Il court, il court le courant ligure !

Pas un souffle de vent, pas une vague. Et pourtant, 1,4 millions de m3/s se déplacent sous votre coque. Responsable : le courant Ligure qui se forme dans le sud du Golfe de Gênes pour ensuite parcourir un long chemin de l’Italie à l’Espagne.

 

Gibraltar est la porte ouverte aux eaux atlantiques froides. Le froid allant toujours vers le chaud, ce passage stratégique donne naissance à tous les courants méditerrannéens. Ces masses d’eau vont couler comme un fleuve sur des centaines de milles, se séparant en bras au gré des obstacles. Le courant Liguro-provençal est l’un d’entre eux. Mais nous n’en sommes pas là Laissons nous porter pour la croisière que, depuis la nuit des temps, suivent les organismes marins.
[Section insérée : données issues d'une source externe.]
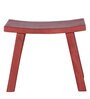 Foot Stool In Vintage Red Finish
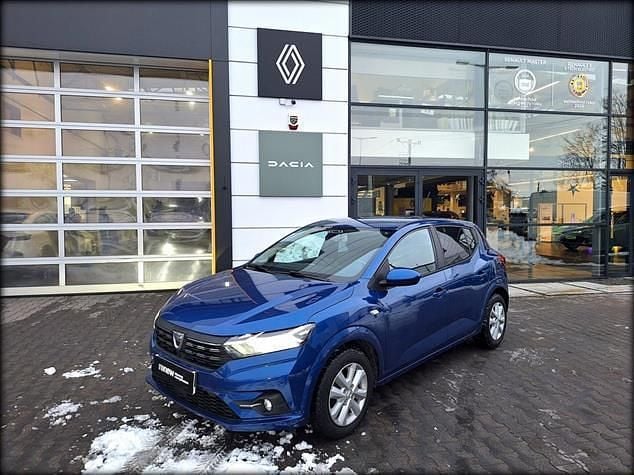 Niebieski Używany 2021 Dacia Sandero Comfort Hatchback | 42 900 zł (Uczciwa cena) - Obraz 1/4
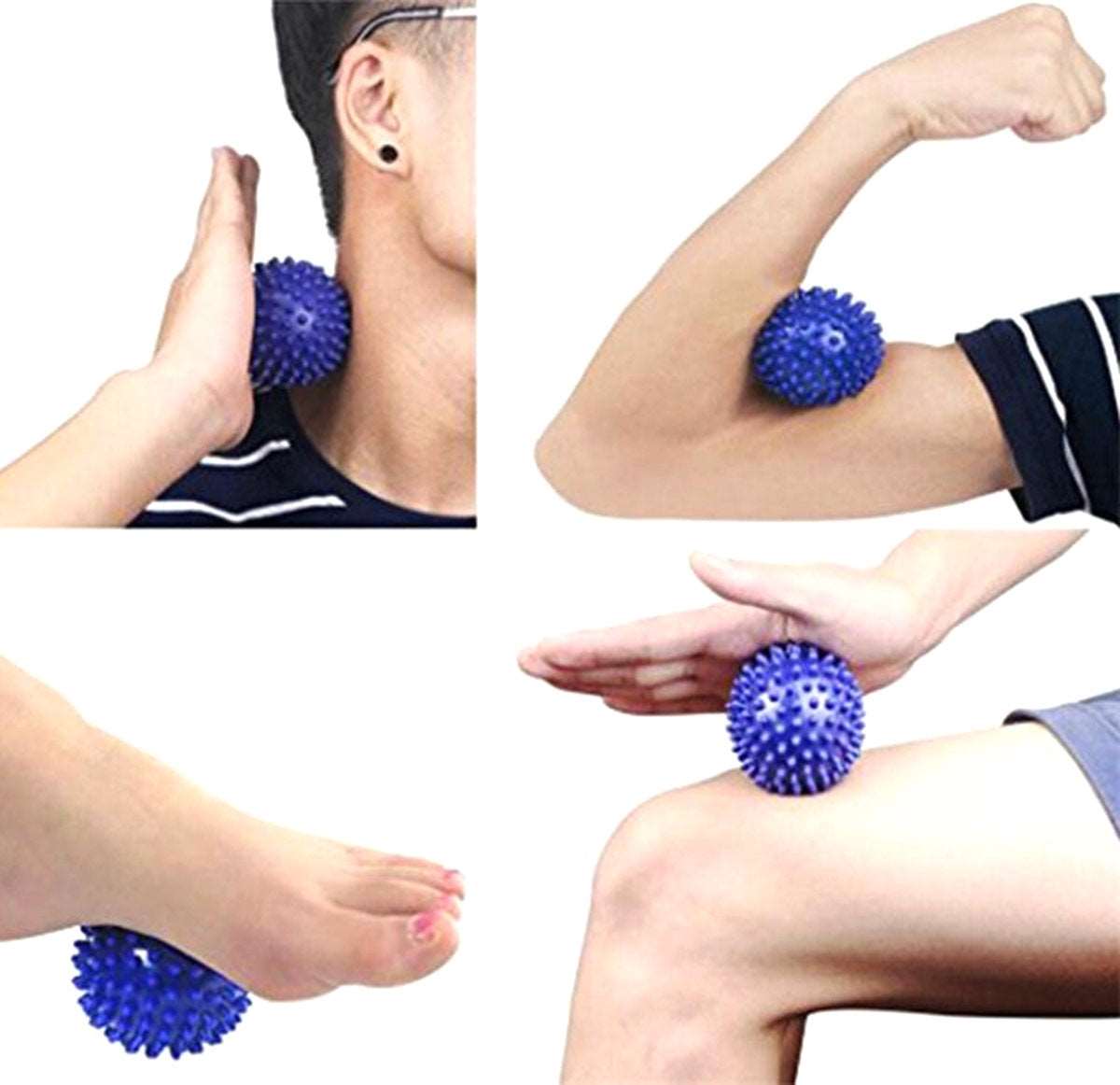 Žoga za masažo - modra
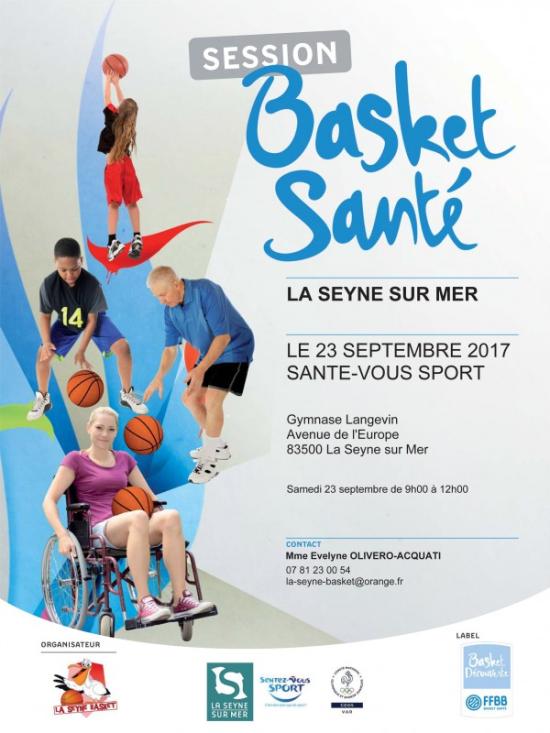 “BASKET SANTÉ“ le Samedi 23 Septembre 2017 au Gymnase Langevin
Car ce tourbillon est un gigantesque shaker où se prépare un véritable cocktail de vie !


AU FIL DES OBSTACLES ET DES SAISONS
Gibraltar franchi, les eaux nous portent sur quelques 850 milles le long de l’Afrique jusqu’au canal de Sardaigne. Là, un premier bras se forme et remonte plein nord à l’ouest de la Sardaigne et de la Corse. Plus loin, la Sicile divise le reste du flot en deux branches. L’une part au sud entre Malte et la Libye, se dilue un peu avant l’Egypte puis reprend force, remonte le long d’Israël et du Liban, contourne Chypre et revient via la Turquie et la Grèce se glisser dans l’Adriatique jusqu’à Venise.
Revenons au canal de Sicile et suivons la branche qui a choisi de lécher la botte de l’Italie sans oublier Palerme ni la baie de Naples, de faire le tour des Eoliennes, puis de filer jusqu’au Golfe de Gênes où, bloqué, il vire à l’ouest. C’est le courant Ligure.
Un peu plus loin, vers Monaco, il retrouve les eaux remontées à l’ouest de la Corse pour ne plus former qu’un seul flot sous le nom de courant Liguro-provençal.
Les saisons jouent aussi leur rôle. Son débit maximum est en hiver. Et c’est aussi à cette période qu’il se rapproche le plus de la côte. Etroit, profond et rapide en saison froide, il s’élargit et ralentit aux beaux jours.
De juin à décembre, le “fleuve”, large de 40 à 50 km et profond de 100 à 200 m, avance à un nœud de moyenne (50 cm/s) en surface, cinq fois moins vite au fond. De janvier à mi-mars, il ne fait plus que 20 à 30 km de large, mais entre 250 et 400 m de profondeur, sa vitesse est encore de 10 cm/s.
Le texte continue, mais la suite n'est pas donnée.